How can I troubleshoot non-specific binding with IGFBP5 antibodies?

When encountering non-specific binding:

• Increase Blocking:

  • Extend blocking time to 2 hours at room temperature

  • Try different blocking agents (5% BSA, 5% non-fat milk, or commercial blockers)

• Optimize Antibody Concentration:

  • Titrate the antibody across the recommended range (1:50-1:500)

  • Begin with more dilute concentrations and increase if necessary

• Modify Washing Steps:

  • Increase number and duration of washes

  • Add 0.1-0.3% Triton X-100 to wash buffers to reduce background

• Consider Sample-Specific Issues:

  • High endogenous peroxidase activity may require additional quenching

  • Tissues with high fat content may benefit from longer deparaffinization

How can I investigate IGFBP5's role in tumor growth and metastasis?

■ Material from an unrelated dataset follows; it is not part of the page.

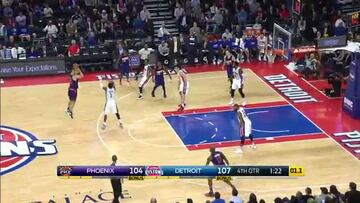 Los Pistons y Jackson remontan 16 y ganan en la prórroga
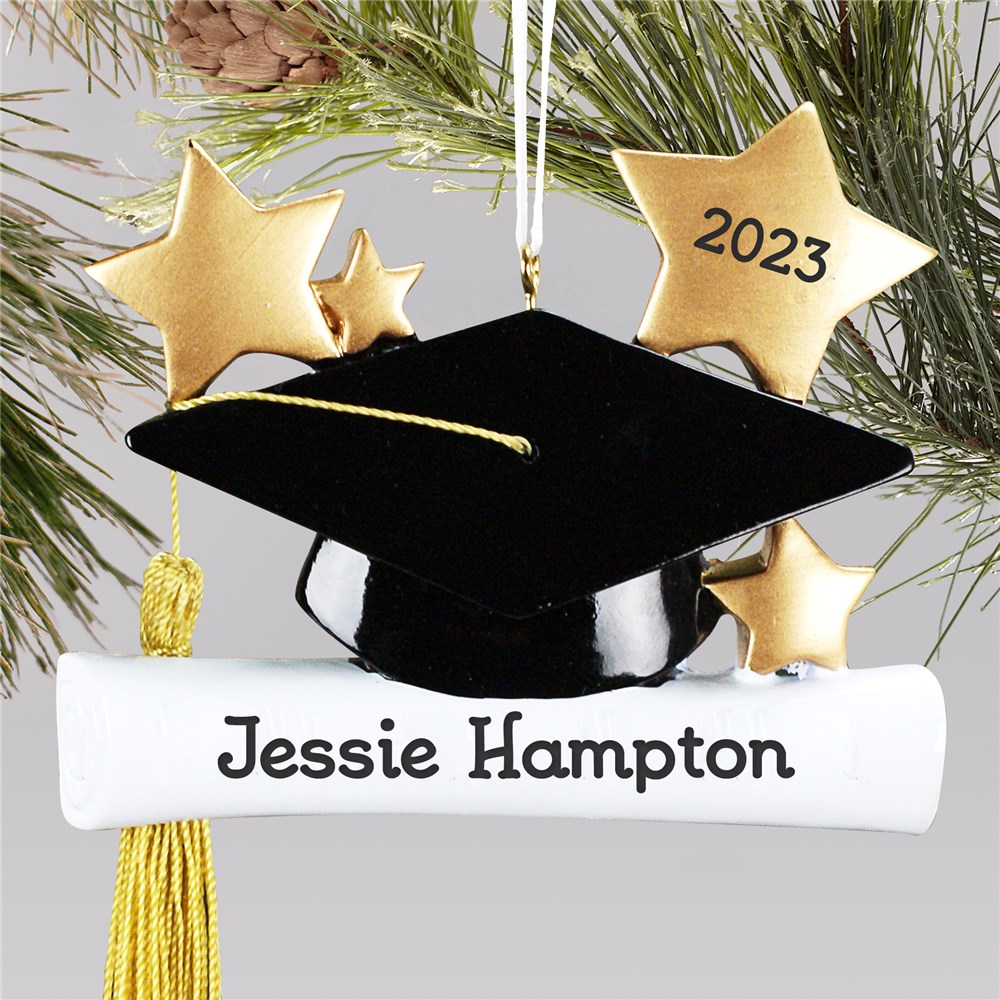 Personalized Graduation Ornament | Personalized Cap & Gown Graduation Ornament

Based on established methodologies:

• Cell Line Models:

  • Generate stable IGFBP5 overexpression and knockdown cell lines

  • A375 and A2058 human melanoma cell lines have been successfully used

• In Vitro Assays:

  • Proliferation: CCK-8 assay

  • Anchorage-independent growth: Colony formation assay

  • Migration: Scratch/wound healing assay

  • Invasion: Transwell invasion assay

• In Vivo Models:

  • Xenograft tumor models to assess tumor growth

  • Tail vein injection for pulmonary metastasis assessment

  • Evaluate tumor size, weight, and metastatic nodules

• Molecular Readouts:

  • EMT markers: E-cadherin and vimentin

  • Stem cell markers: NANOG, SOX2, OCT4, KLF4, and CD133

  • Signaling pathway components: phosphorylation of IGF1R, ERK1/2, p38-MAPK

What methods are effective for studying IGFBP5's role in cardiac function?

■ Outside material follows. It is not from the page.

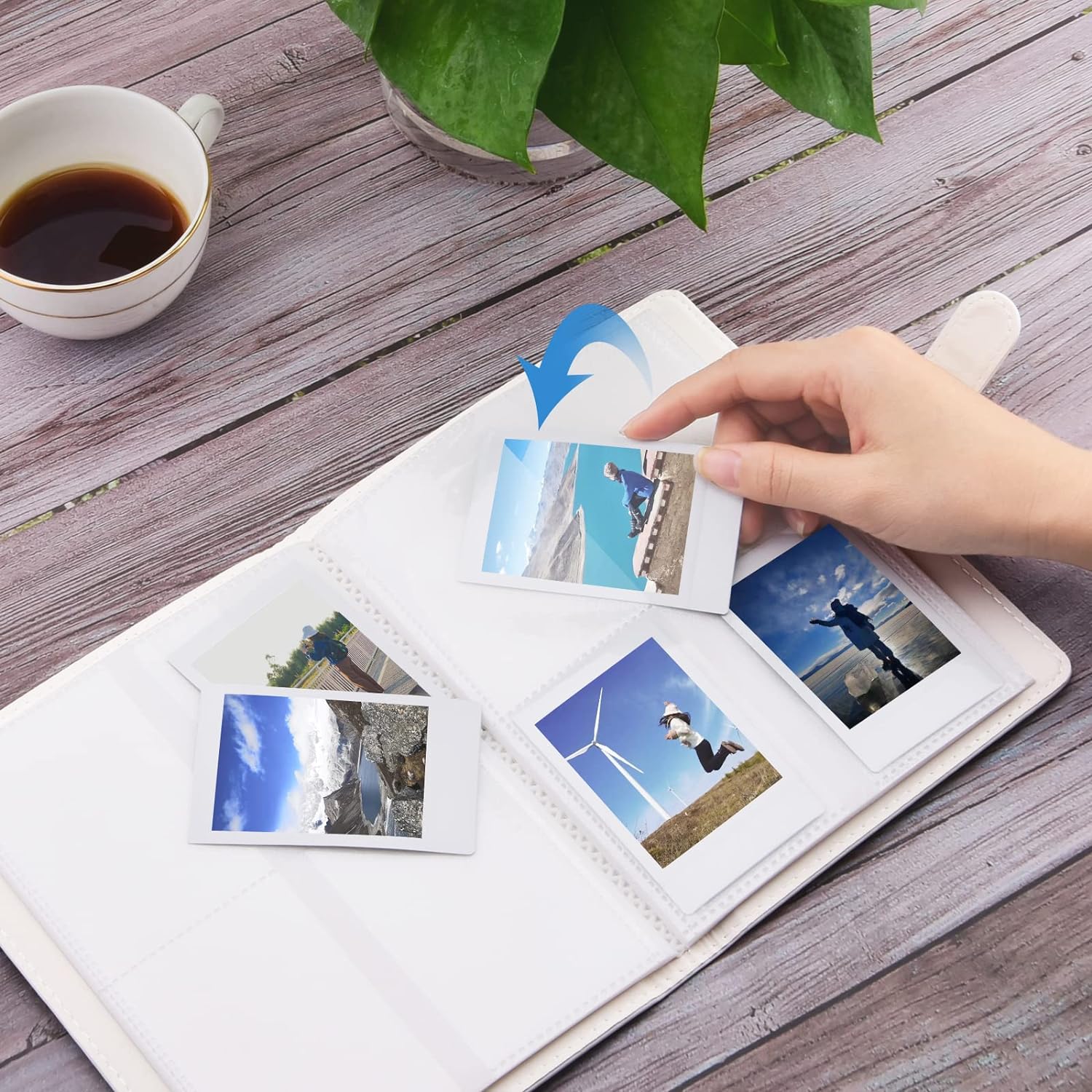 Hapeper 128 Pockets Photo Album Compatible with Fujifilm Instax Mini 12 11 9 8 90 70 40 Instant Camera Films and 2x3 Inch Photo Paper (White) - Image 6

To investigate IGFBP5 in cardiac contexts:

• In Vitro Models:

  • Oxygen-glucose deprivation (OGD) in neonatal rat cardiomyocytes (NRCMs)

  • Assess cardiomyocyte proliferation and apoptosis following OGD

• In Vivo Models:

  • Acute myocardial infarction (AMI) in adult mice

  • Heart-specific IGFBP5 knockdown models

  • Evaluate myocardial apoptosis and cardiomyocyte proliferation

• Signaling Pathway Analysis:

  • Focus on the IGF1 receptor (IGF1R)/protein kinase B (PKB/AKT) pathway

  • Assess phosphorylation status of key signaling proteins

• Functional Assessment:

  • Cardiac remodeling markers

  • Echocardiography for functional recovery assessment

  • Histological analysis of fibrotic remodeling

How can I assess the prognostic value of IGFBP5 in human cancers?

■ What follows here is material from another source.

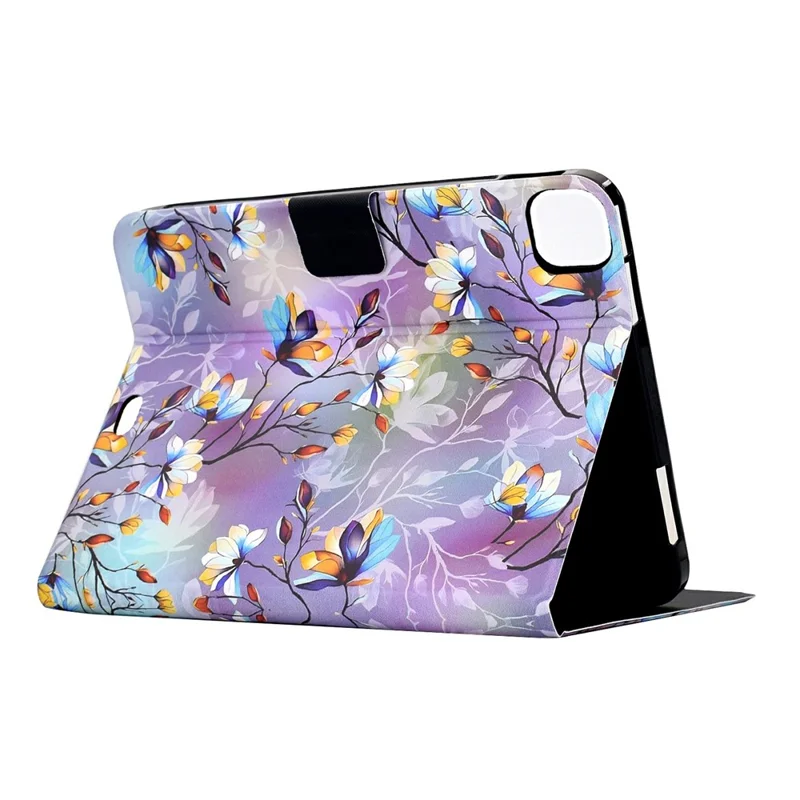 Tablet Case For iPad Pro 11 (2022) / (2021) / (2020) / (2018) Pattern Printing Stand Leather Cover with Card Slots - Magnolia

For rigorous prognostic assessment:

• Clinical Sample Analysis:

  • Perform IHC staining on patient tumor samples

  • Use established grading systems (e.g., IHC 3+, 2+, 1+, 0-)

  • Compare expression in primary tumors, metastatic tissues, and normal tissues

• Bioinformatic Approaches:

  • Analyze data from cancer genomic databases (TCGA, CGGA)

  • Generate Kaplan-Meier survival curves

  • Create diagnostic receiver operating characteristic (ROC) curves

  • Develop nomogram models

• Correlation Analysis:

  • Associate IGFBP5 expression with:

    • Immune cell infiltration

    • Immune checkpoint genes

    • Clinicopathological features

• Validation Methods:

  • Quantitative real-time PCR (qRT-PCR) on clinical samples

  • Western blot analysis for protein-level validation

  • Multi-cohort validation using independent patient datasets

How do I interpret seemingly contradictory roles of IGFBP5 across different cancer types?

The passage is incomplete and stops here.